1. Un axe théorique et épistémologique visera à mieux cerner la notion, ses assises et ses éventuelles variations en sciences de l’éducation et de la formation. L’on pourra, dans ce cadre, étudier l’emploi de la notion en lien avec les disciplines, ou encore la légitimité de sa prise en compte comme compétence. On pourra également réfléchir à ce que peut signifier, sur le plan théorique, le projet d’une “pédagogie de la créativité”. Dans le cadre spécifique des recherches en didactique, l’on pourra interroger la possibilité de prendre en compte la créativité comme objet d’enseignement (au sens de Schneuwly & Dolz, 2009).

2. Un axe empirique se donne pour objet d'étudier des situations d’enseignement/apprentissage ou des situations de médiations sollicitant la créativité des publics soit comme objectif principal soit comme levier ou adjuvant de l’enseignement d’autres compétences. Quelle est la place de la créativité dans ces dispositifs ? La créativité se spécifie-t-elle selon les disciplines ? Quel type d’approches interdisciplinaires peuvent soutenir la créativité ? Quels dispositifs spécifiques et quelles pratiques professionnelles semblent favoriser le développement de la créativité ? Quels malentendus liés aux dimensions invisibles du curriculum peuvent être produits par ces dispositifs et ces pratiques (Netter, 2018) ? Perçoit-on une prise en compte plus nette de cette préoccupation dans les curriculums prescrits, enseignés ou appris du premier degré ? du secondaire ? Dans le supérieur, la créativité apparaît-elle dans les maquettes, est-elle listée dans les référentiels ou est-elle mise en avant dans des dispositifs en marge des cursus ? L’enseignement supérieur prend-il charge cette orientation au sein des cursus de formation des enseignants ? Perçoit-on des écarts, dans les différents contextes d’apprentissage, entre les curriculums français et les cultures et formes scolaires issues d’autres pays francophones ou anglophones ? Les comparaisons internationales, sur ce plan, pourront enrichir l’appréhension des dispositifs.

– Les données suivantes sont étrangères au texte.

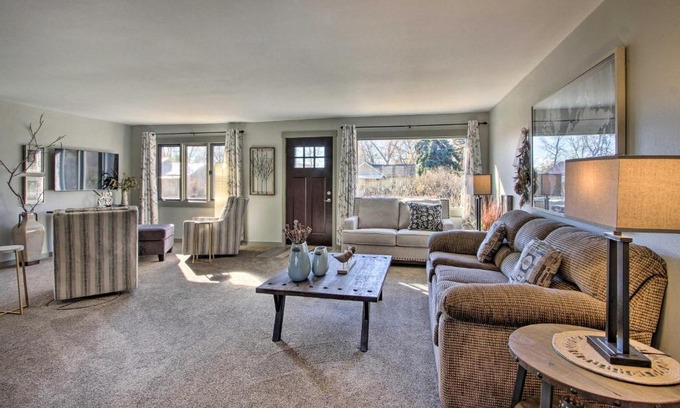 Bynum Casa | Cozy Choteau Home with Fire Pit, Grill, Yard!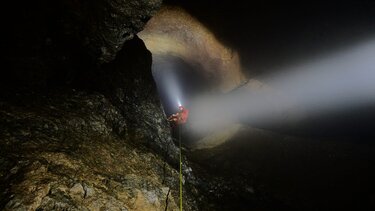 1208 μέτρα κάτω από τη γη: ο πρώτος στόχος στέφθηκε με απόλυτη επιτυχία!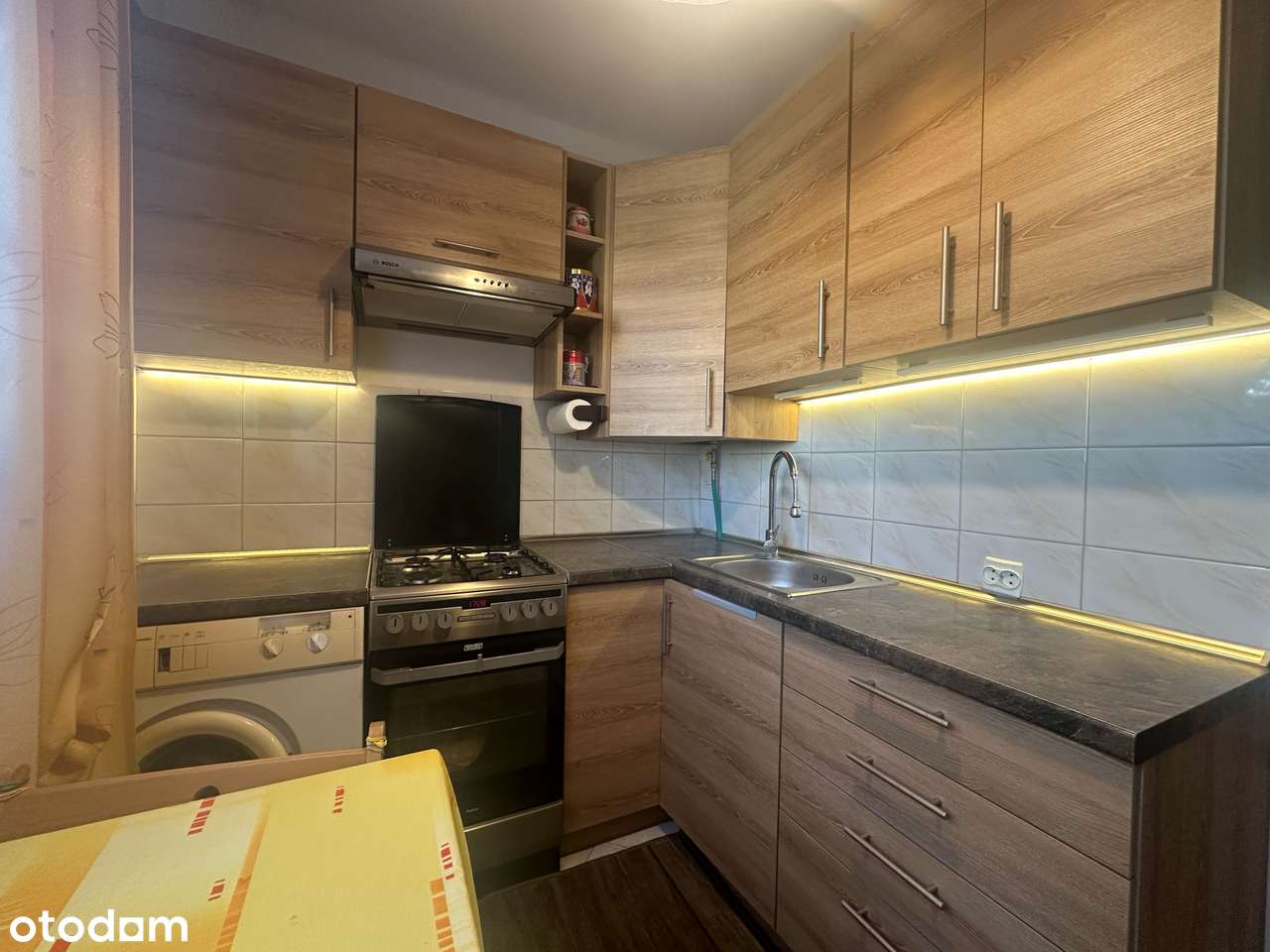 2 pokoje z balkonem i komórką lokatorską w Piasecznie.-2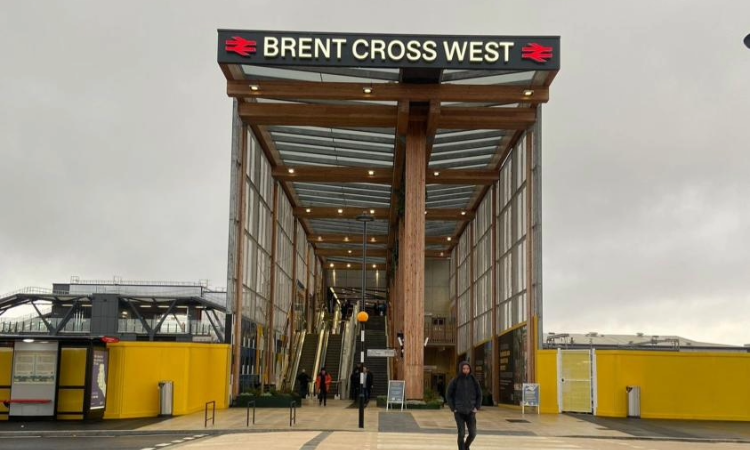 Londra, Brent Cross West tren istasyonu 10 Aralık’ta açıldı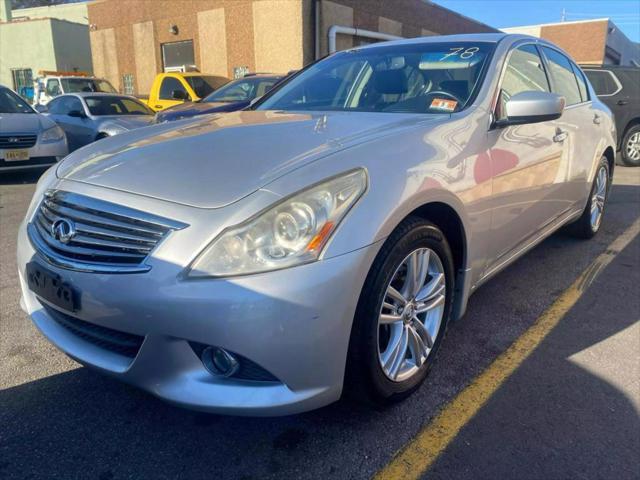 2013 infiniti g37x base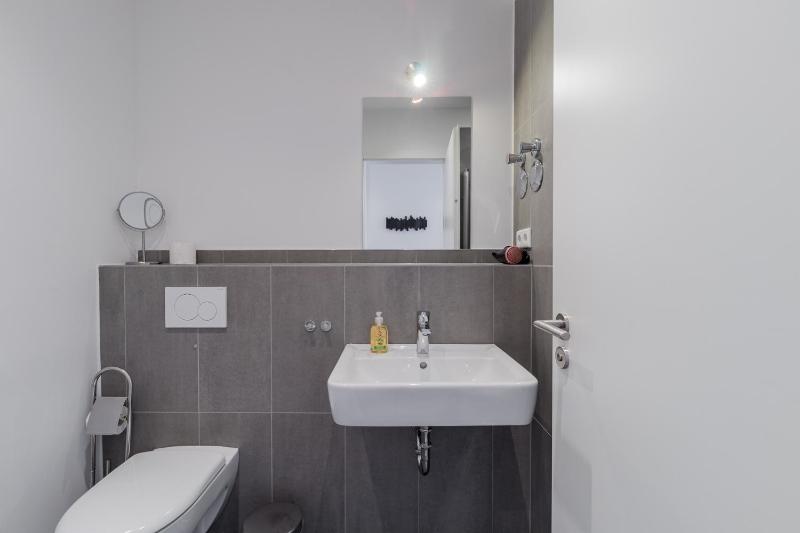Studio für 3 Personen image 4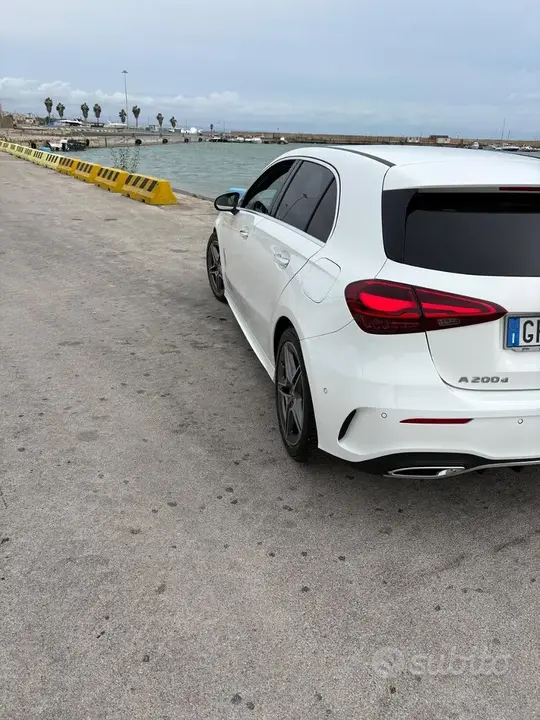 Mercedes-Benz C-Class 2023 photo 3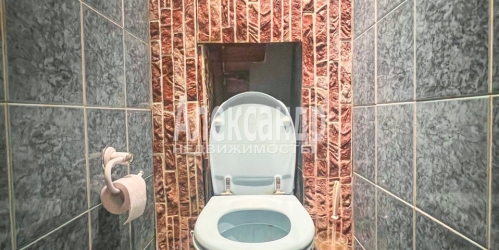 2-комн квартира Звездная ул. ,  д. 5,  к. 1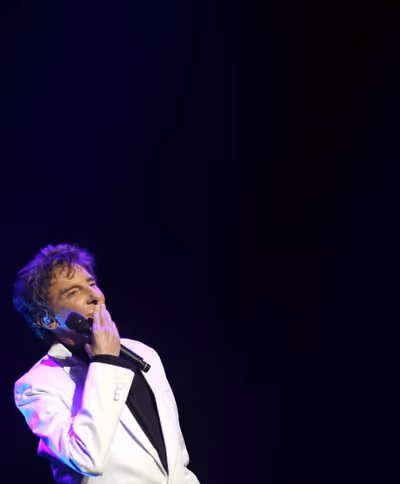 Barry Manilow  Photo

3. Un axe spécifique portant sur les usages créatifs du numérique visant à analyser le type d’intégration et d’usages du numérique pouvant soutenir le développement d’une activité créative dans les différents contextes d’apprentissage. Plus directement inscrit dans le contexte de recherches sur les usages du numérique, cet axe privilégiera l’étude de dispositifs et d’activités intégrant des usages du numérique et développement de la créativité des apprenants. Quel type d’activités créatives peuvent être soutenues par des usages du numérique ? Quel type de dispositifs numériques peuvent soutenir les activités créatives selon le type d’activité et de situation d’apprentissage ? Il s’agit notamment d’étudier certaines expérimentations fondées sur les approches technocréatives, définies comme des dispositifs au sein desquels les apprenants renforcent leur pouvoir d’agir face au milieu numérique qui les entoure (Romero, Lille & Patino, 2017 ; Heiser, 2020).

Le colloque se propose donc d’interroger la notion en associant une approche théorique et épistémologique et une approche empirique et de privilégier le contexte scolaire pour mieux documenter l’apport et les configurations effectives de cette notion en sciences de l’éducation et de la formation. Les contributions pourront ainsi croiser plusieurs axes de questionnement et contribuer ainsi aux différentes perspectives envisagées.